Trying to Set Up a Study Schedule? How to Space Out Your Studying

space out your studying

Want to make a concept stick? Learn how to space out your studying.

There are very simple but effective tricks you can implement when studying for any exam that will help embed concepts into your long term memory.

Let’s look at a couple ways.

 

Cramming a Different Way

The young professionals that we teach at Professional Exam Tutoring are old enough to know that cramming doesn’t always work. This is especially true for exams with a lot of content like the CFA Exam or the Series 7 Top-Off Exam. In simpler times, like during high school or freshmen year in college, maybe you could get away with it. But, it’s not worth the risk when your job is on the line.

If you were a serial crammer in those years you may have never learned effective study techniques for a large amount of information.

Well you’re in luck. There is one type of cramming that is effective.

Specifically, when you study a difficult concept, you want to cram as many practice questions as you can into your study process to exhaust all possible ways that concept can be tested. Think of it like practicing your golf swing, or a few bars from a song on the piano, over, and over, and over, and….you get it.

This type of practice works. Think back to high school math when you learned a new concept. Your teacher might give you 10-15 different practice questions on a single concept. If you did your homework, and got through the practice questions, chances are that these drills helped.

Studies (by Ericsson and others) show that it is often “working on the hard parts” that drives performance. If you get stuck on the Options section for the SIE Exam for instance, consider doing 15-20 practice questions at a time. This can really “hammer home” a concept, and will solidify understanding. It helps you see a concept from a bunch of different angles. Importantly though, you need to pair this with one more study trick to ensure it sticks…

 

Space Out Your Studying (Don’t Cram It)

Even though you should cram in 15-20 practice questions on difficult subjects all at once, don’t just leave it at that.

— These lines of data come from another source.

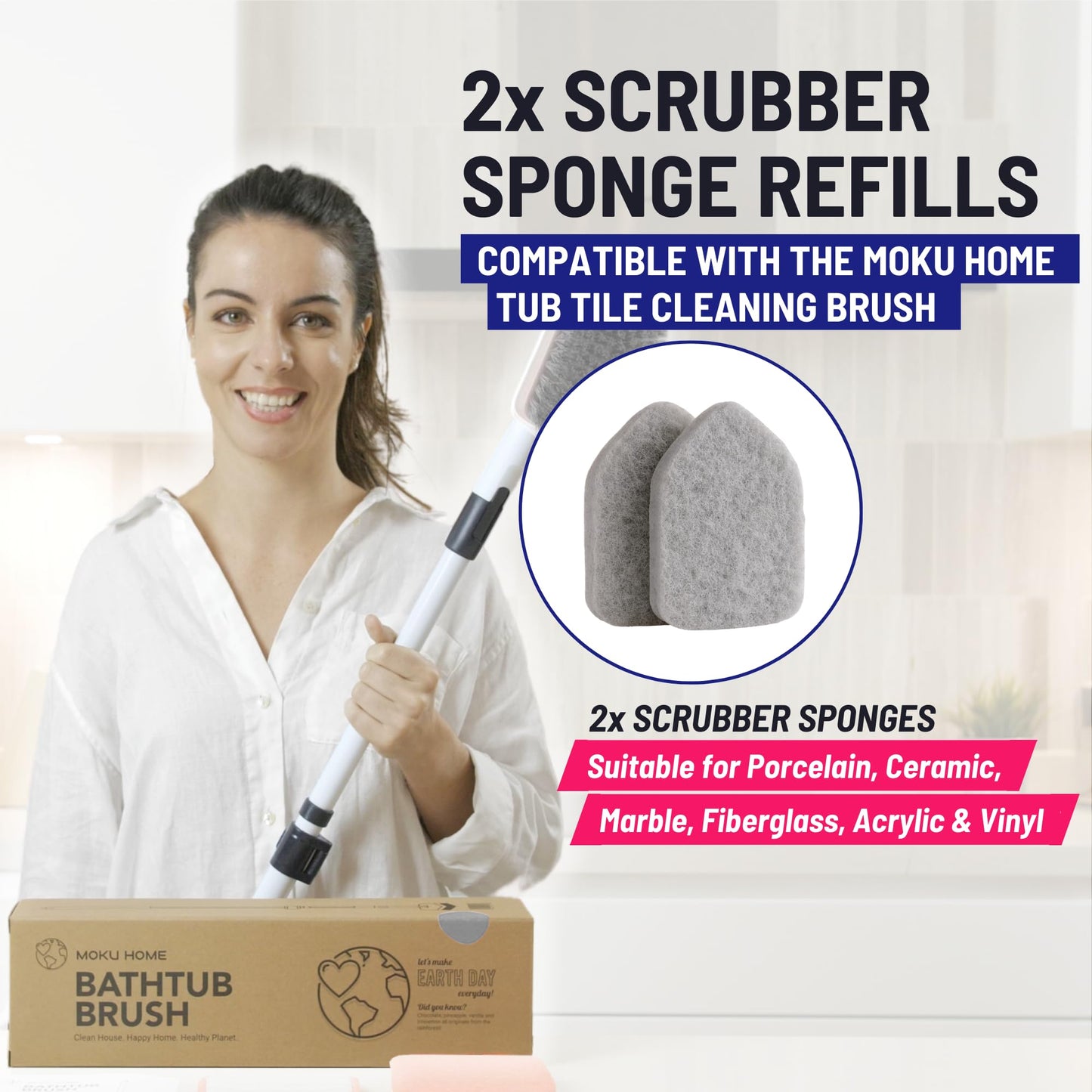 Moku Home Replacement Scrubber Refill for Moku Home Extendable Tub Tile Shower Brush for Cleaning Non-Scratch (2X Scrubber Sponge Gray)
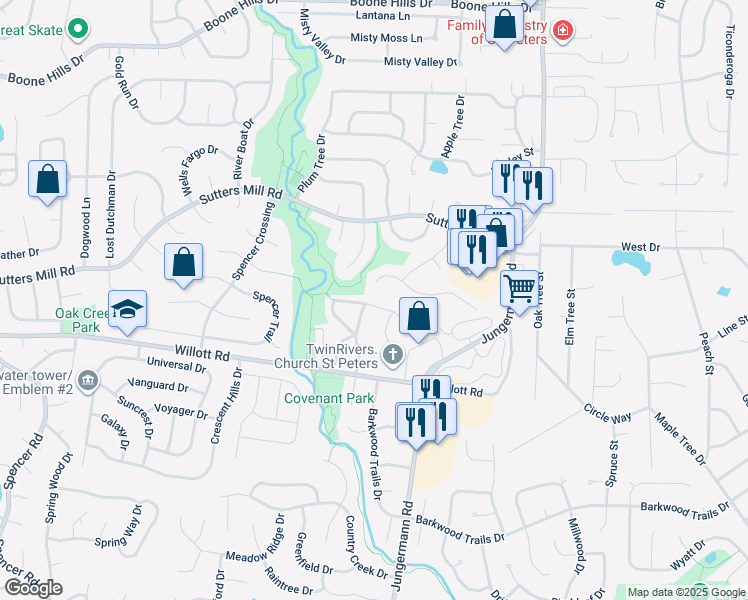 map of restaurants, bars, coffee shops, grocery stores, and more near 19 Millrace Court in St. Peters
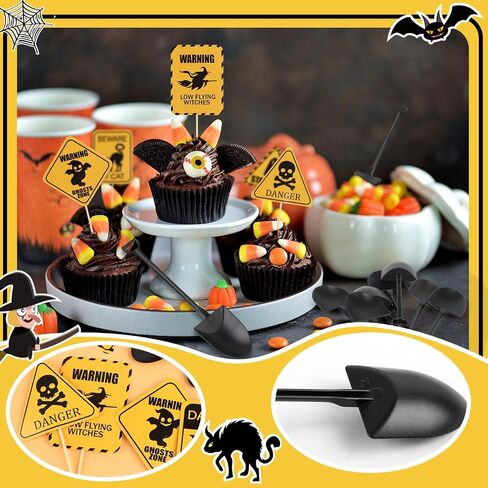 CCINEE 100pcs Halloween Cupcake Toppers and Spoons, Disposable Plastic Icecream Shovel Spoons Warning Cupcake Picks for Halloween Theme Party Desserts Decorations in Saudi Arabia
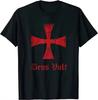 Retro Gothic T-shirt Deus Vault Knight Templar Cross Tshirt Cotton Streetwear Fashion Comfortable Unisex Short Sleeve Casual Top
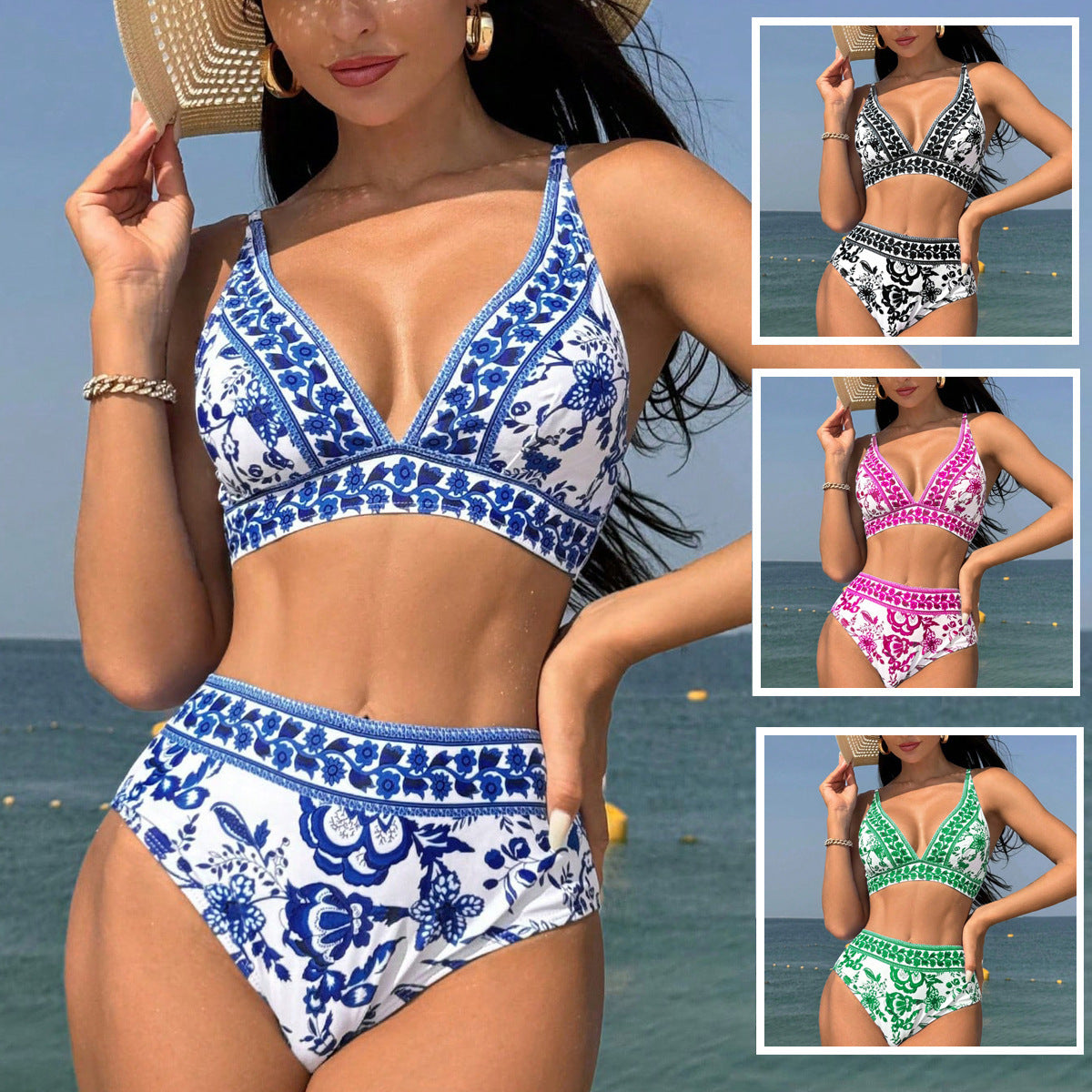 Split Bikini High Waist Print Swimsuit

You should revisit those same questions (or preferably new ones on the same topic) again within 72 hours at most. While many of us like to think that we have great memories, the average person won’t retain a new concept – especially a difficult one – if they don’t review it within a few days.

Many of our students may empathize with this when it comes to Options for the SIE Exam, or Series 7. The Options section is one of the most confusing topics on these exams. In our experience, if our students don’t review it at least 2-3 times per week with around 20-30 practice questions per sitting, proficiency is highly unlikely.

Space out your studying in such a way that you continuously rotate through difficult concepts. This helps keep them fresh.

For instance, if you did Options on Monday, don’t touch it again until Thursday. If you did the Margin section on Tuesday, don’t touch it again until Friday. You may have to study multiple topics per day, but spacing them out is key to solidifying the concepts into your long term memory.

Plenty of academic research backs up this method (check out studies by Dr. Kornell from Williams College). But we can tell you that we see it first-hand as tutors too!

The bottom line is that you should work on the hard stuff in spurts, then space out that work to make it more concrete. Good luck!